Gale Young

I’ve been quiet lately on this blog. Why? Because I’ve been wrestling with all the various inventive reactor design strands over the two-plus decades from the first reactor in 1942, and during that time it was never clear how much should live onward in my book and how much I should spit out here. But now I’m gaining clarity (and let me tell you, reactor design is one interesting field … bewilderingly complex but fascinating) and can return to telling you all the bits and pieces that tickle my fancy.

Masters & Way
Masters, Dexter & Katherine Way, eds. 1946. One World or None: A Report to the Public on the Full Meaning of the Atomic Bomb. Federation of Atomic Scientsts, New York.

Take a look at the front cover of this book, which came out in 1946 as an immediate reaction to Hiroshima and Nagasaki. I have the 2007 edition reissued by the Federation of American Scientists. What a flotilla of worthies, from Einstein to Oppenheimer!

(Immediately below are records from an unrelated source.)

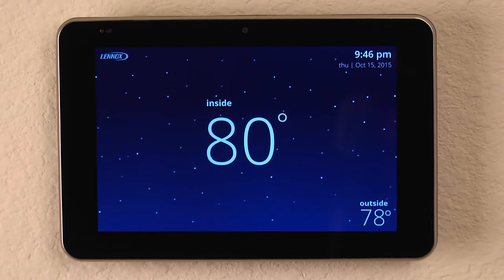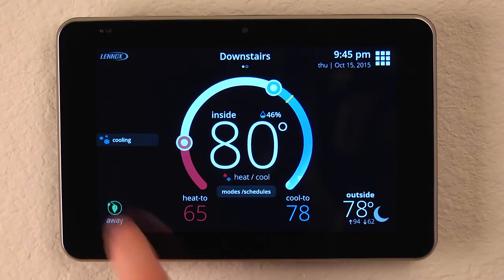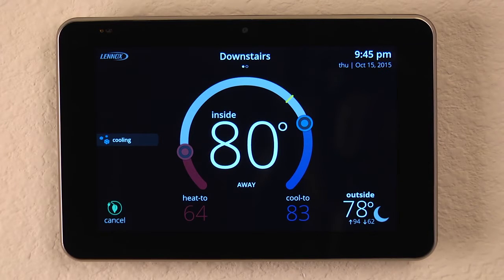To put the thermostat in away mode, it's very simple. First, let's allow the proximity sensor to notice we're here. Setting the away mode is as simple as touching the icon in the lower left-hand corner that looks like a leaf, and it'll put it in away mode to save energy.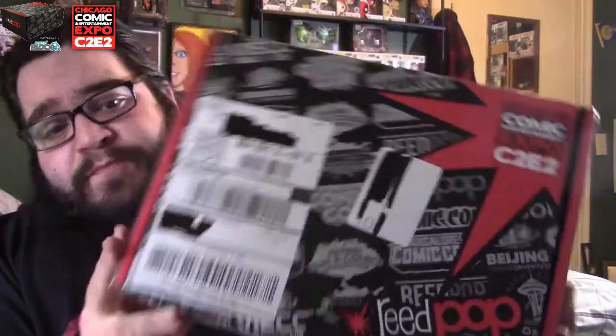Now this is the box right here, and this was a limited box — I think there was only two thousand or twenty-five hundred sold, so that's pretty cool. This is my first one. I've never been to a comic-con, I don't know what's in here, so we're just going to find out right now.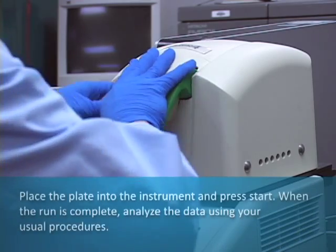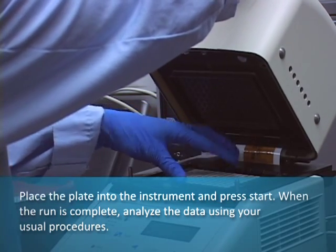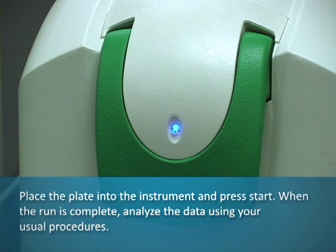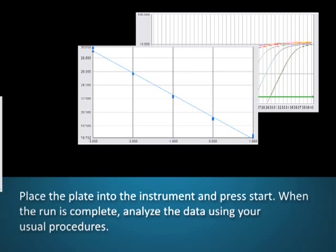Place the plate into the instrument and press start. When the run is complete, analyze the data using your usual procedures.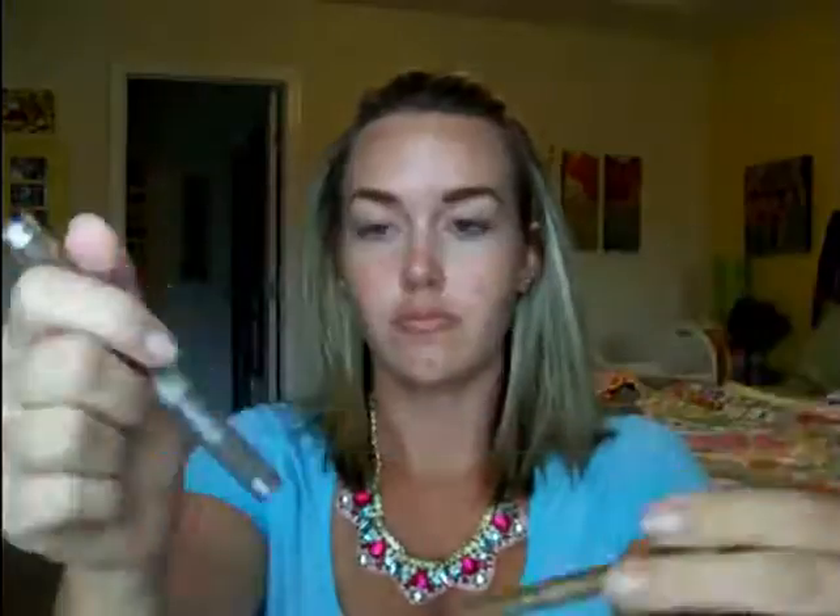But yeah, if you want to see how I got this look, then just keep watching. I went ahead and filled in my brows with that e.l.f. brow kit, a Milani pencil, and the e.l.f. setting gel for your brows.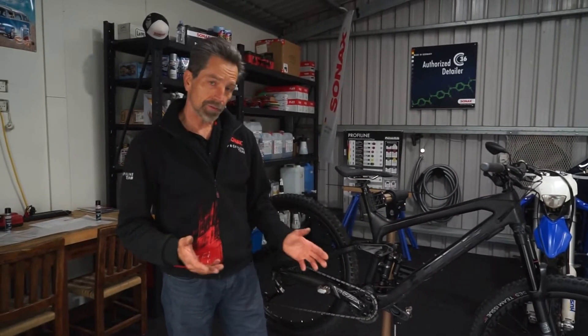We've given the base coat ceramic one hour to cure on the surface and do what it has to do. Now we're going to move on to the gloss coat. For the gloss coat application, really prime that pad well so it's nice and smooth, and then straight to the application. It's a very simple and quick process to get the gloss coat on — it's really wipe on and wipe off.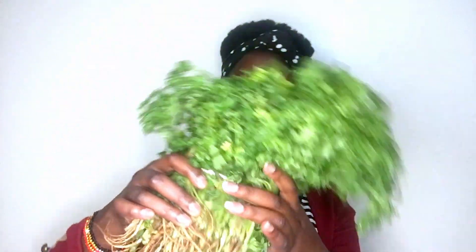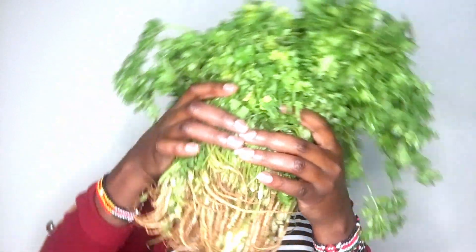So this is the coriander, and in here this is the dania. I need to cut this dania — I put it in the fridge and it's already around 10, and I kind of forgot because I wanted to get the video done. Imagine — this is worth 40 shillings. This is a lot.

I certainly encourage you to read it but, honestly, I got little out of it for my book.

But I did like the fifteen-page essay titled “The new power” about the possibilities of fission for electricity generation. It’s written by Gale Young, one of the young physicists who worked under Alvin Weinberg during the Manhattan Project and then at postwar Oak Ridge. Apparently he remained active in nuclear reactor work for years but he disappears from my radar soon after penning this introductory essay. I enjoy his light touch as he describes the challenge for the pioneers in devising reactor shielding (don’t you just love the word “romp”?):

Since both neutrons and gamma rays are dangerous to living tissue, both must be shielded against in operating a fission power source. In this respect a fission source is even worse than a radium source; each give out several percent of its energy in the form of dangerous penetrating radiation, but the mixed nature of the fission radiation makes it harder to cope with and requires greater shield thicknesses. For example, lead is effective against gamma rays, but neutrons romp through it with ease; water is good against neutrons since it slows them down and renders them easily absorbable, but it has little stopping power for gamma rays. A thin lightweight shield would be one of the most valuable inventions in the atomic-power field; unfortunately this does not seem to be on the cards.